Mexico is gearing up to resume oil shipments to Cuba through privately owned companies rather than state entities, President Claudia Sheinbaum announced on June 22, floating a manoeuvre that would sidestep Washington's blockade while leveraging Havana's newly enacted economic liberalisation measures. The initiative, though, faces a materially harder sanctions environment than when Mexico first suspended its deliveries in January.
The backdrop is a near-total collapse in Cuban energy supply. Cuba produces only around 40% of the petroleum it requires domestically and has historically depended on imports from Venezuela, Russia and Mexico. That structure disintegrated on January 3 when a US military operation resulted in the capture of Venezuelan president Nicolás Maduro, halting Caracas' subsidised deliveries. Mexico stepped into the breach but suspended its own Pemex-operated shipments after the Trump administration issued an executive order on January 29 declaring a national emergency over Cuba and threatening tariff penalties on any country supplying hydrocarbons to the island. Only one oil shipment has reached Cuba since: a Russian tanker docking on March 30 carrying 730,000 barrels of crude. A second Russian vessel turned around off the coast of Brazil on May 27 without arriving.
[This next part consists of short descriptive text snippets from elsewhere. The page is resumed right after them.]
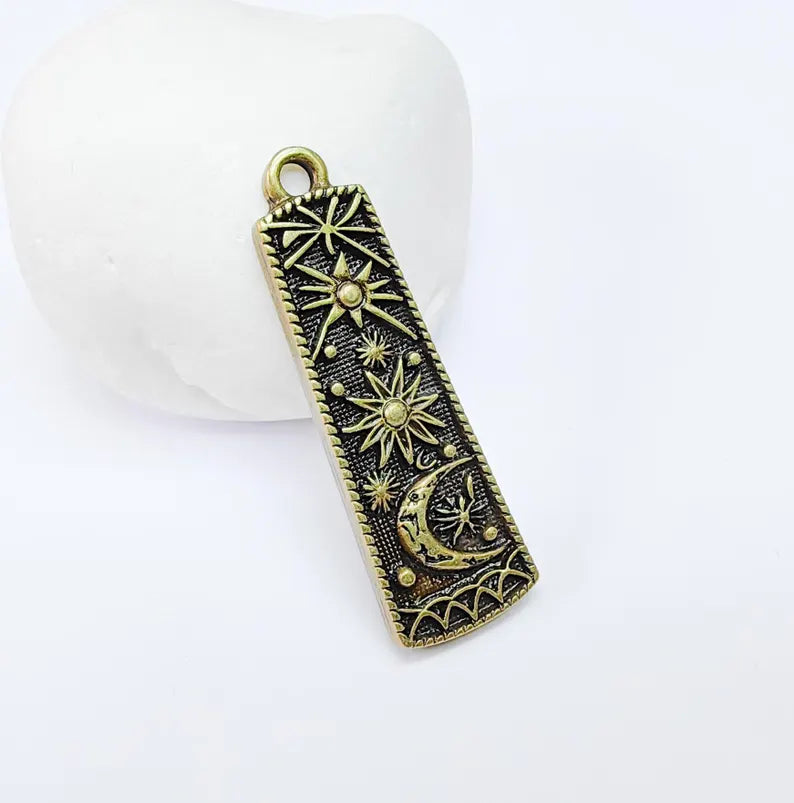 Celestial Moon and Stars Charms, Mystical Sky Charm, Cosmic Earring Charms, Sun Boho Pendant, Antique Bronze Plated Zamac 45x14mm G36705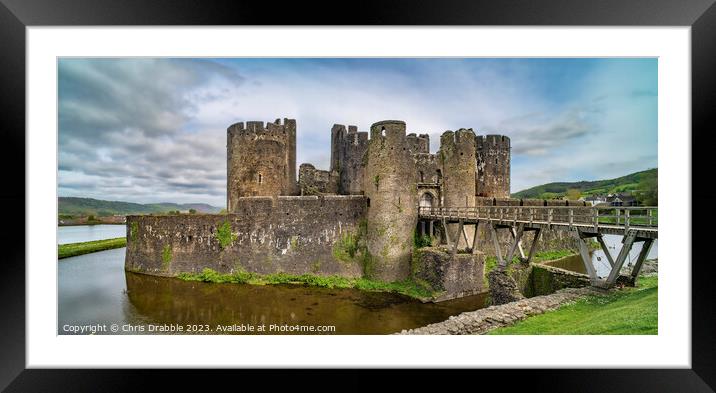 Caerphilly Castle Framed Mounted Print by Chris Drabble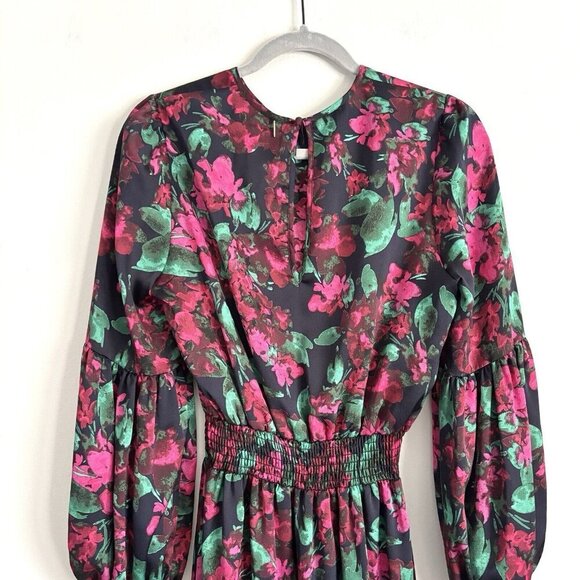 NEW MISA Los Angeles Simone Black and Pink Floral Satin Midi Dress Women’s Small - Picture 10 of 12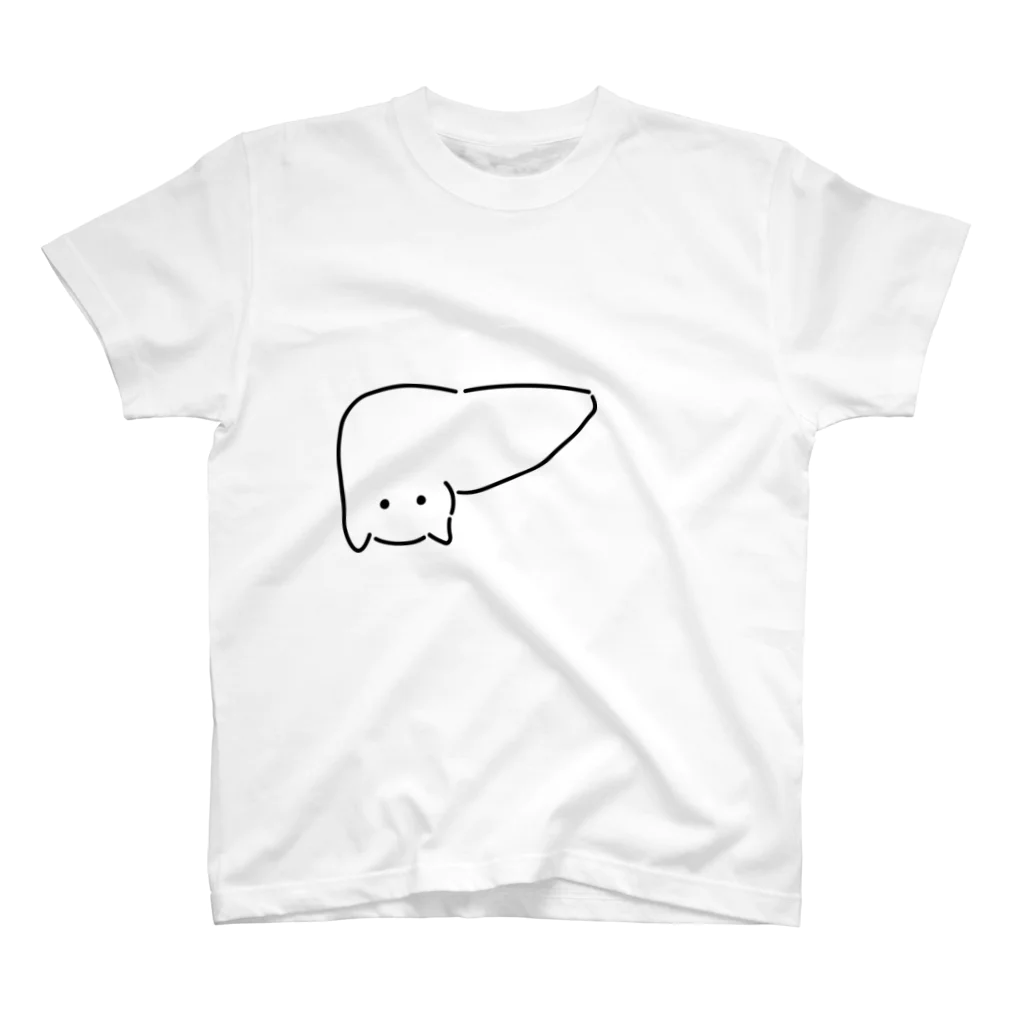 ねこやにわとりやの肝臓がニャンコ スタンダードTシャツ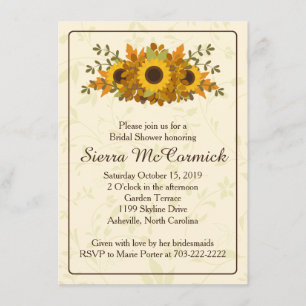 Invitation à la douche nuptiale de Sunflower d'aut
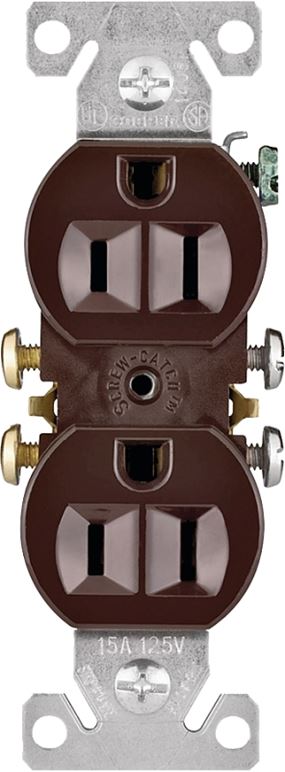 Eaton Wiring Devices 270B Duplex Receptacle, 2 -Pole, 15 A, 125 V, Push-in, Side Wiring, NEMA: 5-15R, Brown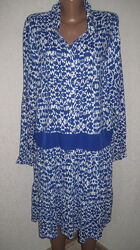 Голубое вискозное платье с длинным рукавом H&M размер L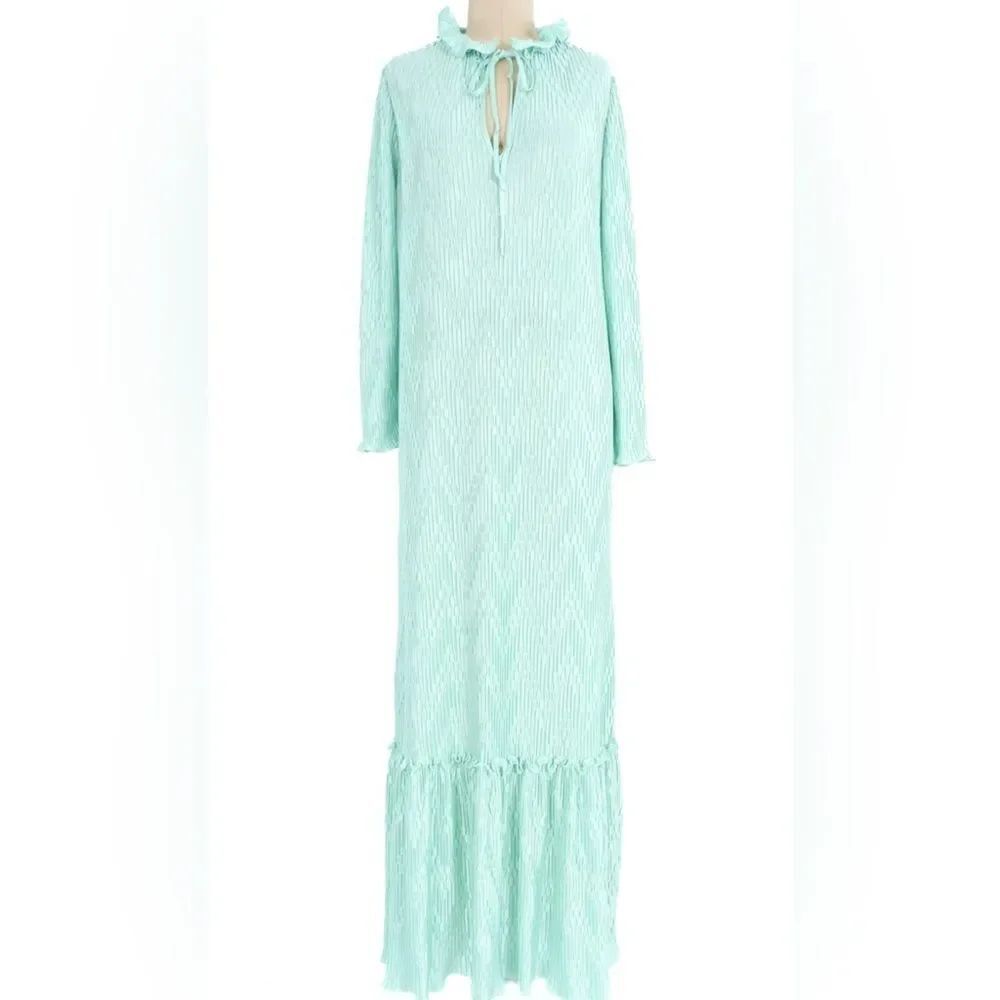 MARY MCFADDEN COLLECTION I BLUE DIMENSIONAL PLEATED DRESS S (VINTAGE)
Cuba's Ministry of Energy and Mines warned on May 14 that the country had run out of oil and diesel entirely.
The humanitarian toll is severe and worsening. The record power deficit was registered on May 13 and 14, reaching between 2,153 and 2,174 MW and leaving 70% of the country without power. Grocery store shelves are empty, hospitals can barely function, and the lack of diesel has stalled the agricultural sector, marine vessels and trucks. Cuba's economy is forecast to contract by between 6% and 15% this year, according to estimates cited by multiple analysts.
Sheinbaum's proposed workaround pivots on the 176 economic reforms approved unanimously by Cuba's National Assembly on June 18 under Prime Minister Manuel Marrero. Among them, documented under the "Energy Transformations" section, is a provision allowing private domestic companies, cooperatives, joint ventures and foreign investors to participate in fuel importation and distribution — a sector historically monopolised by the state entity Unión Cuba-Petróleo (CUPET).
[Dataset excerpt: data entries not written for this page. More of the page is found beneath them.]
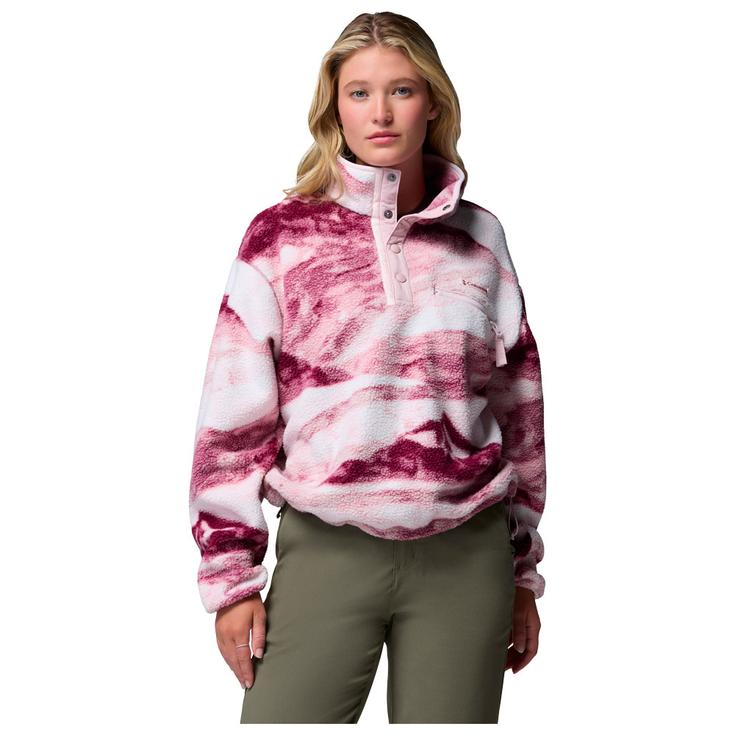 Columbia Fleece Helvetia II Printed Cropped Half Snap W Antique Mauve Summits Voorstelling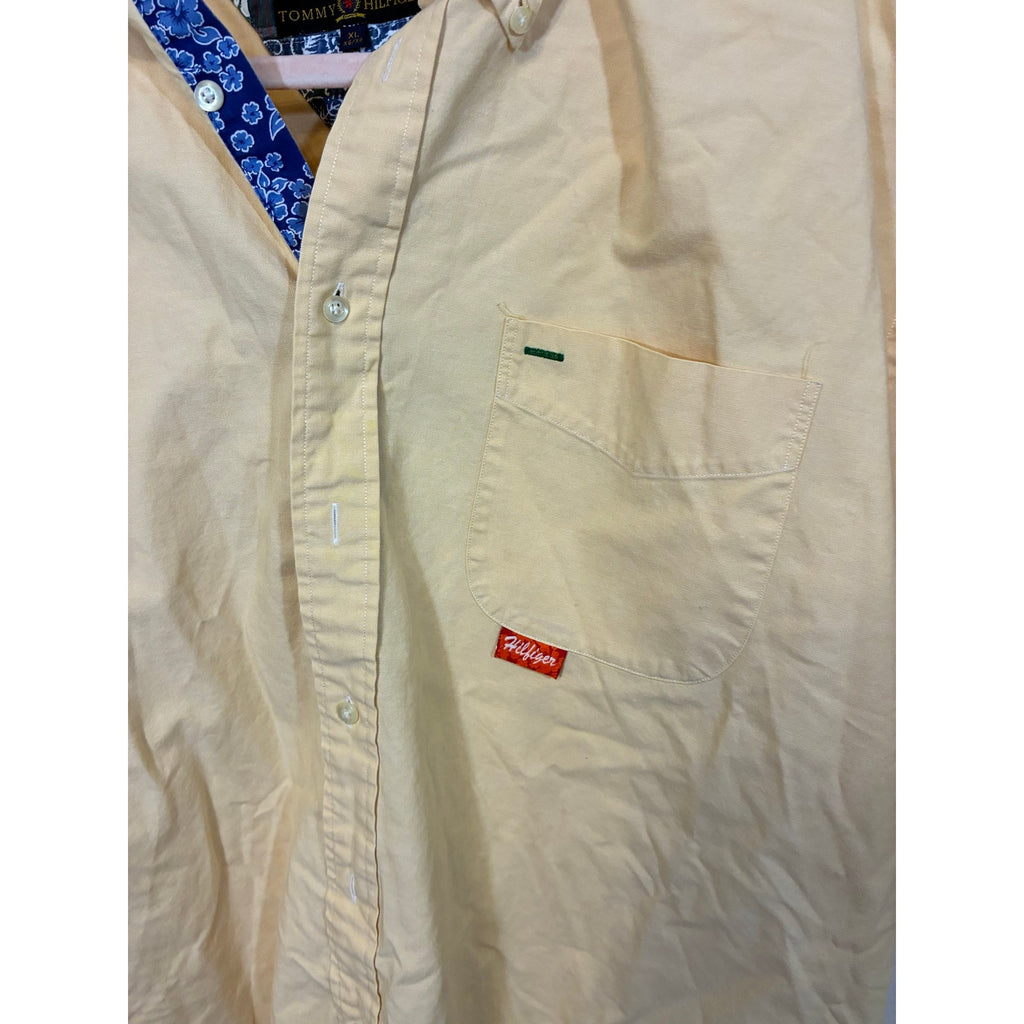 Vintage Tommy Hilfiger Y2K Yellow Button Down Shirt XL Patch Trim Coastal Preppy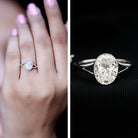 2 Carat Bezel Set Oval Lab Created Diamond Solitaire Ring with IGI Certificate Lab - ( E-VS1 ) - Rosec Jewels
Sheinbaum argued this reform creates legal space for Mexican private operators to engage commercially with the island without routing supply through state channels. "The mechanism would be through private companies that have permits to transport fuel to Cuba," she said at her daily press conference, without naming firms or specifying a timeline. Her foreign ministry has indicated it can facilitate introductions for interested businesses.
The sanctions deterrent, however, has grown considerably more severe since January. The Trump administration's original tariff threat was subsequently invalidated: on February 20, the US Supreme Court ruled that IEEPA does not give the president authority to impose tariffs. Washington's response was to escalate through a different instrument. On May 1, President Trump signed Executive Order 14404 establishing a new Cuba sanctions authority under IEEPA, authorising OFAC to impose blocking sanctions on foreign persons determined to operate in Cuba's energy sector — covering oil and gas supply, electricity generation, distribution and fuel trading — as well as defence, metals and mining, and financial services.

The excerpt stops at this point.